Përparim Kovaçi

Personal information
- Full name: Përparim Kovaçi
- Date of birth: 8 January 1956 (age 69)
- Place of birth: Berat, Albania
- Height: 1.68 m (5 ft 6 in)
- Position: Striker

Youth career
- 0000–1972: Tomori Berat

Senior career*
- Years: Team / Apps / (Gls)
- 1972–1990: Tomori /  / (100)
- 1981: → Flamurtari (loan) / 0 / (0)

Managerial career
- 2011–2012: Tomori (assistant)
- 2012: Tomori

= Përparim Kovaçi =

Albanian footballer and coach (born 1956)

Përparim Kovaçi (born 8 January 1956 in Berat) is a former Albanian football player and coach who spent nearly all of his career at Tomori Berat, where he is the club's top goalscorer with over 100 league goals scored.

==Club career==
He was the Kategoria Superiore's top goalscorer in the 1979/80 season with 18 goals.
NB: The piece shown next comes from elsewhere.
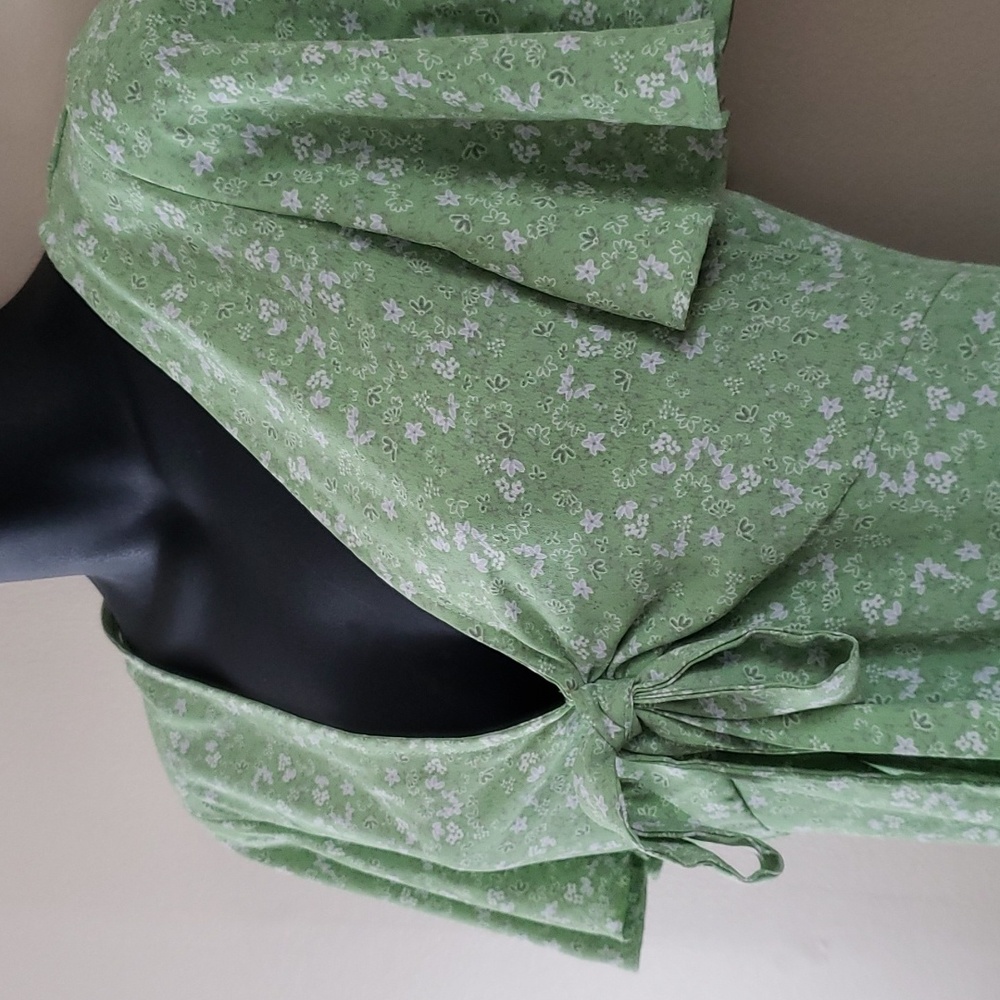 ZARA Floral print mini dress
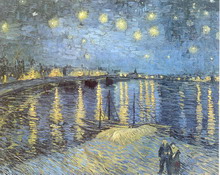 Ван Гог (van Gogh) Винсент : Звездная ночь. Арль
He was loaned to Flamurtari for their 1980–81 Balkans Cup games against Velež Mostar and AEK Athens, scoring in both games against Velež.

==International career==
A fast striker, then national coach Loro Boriçi deemed him too small in build for the national team and preferred the likes of Albanian legends Arbën Minga and Agustin Kola.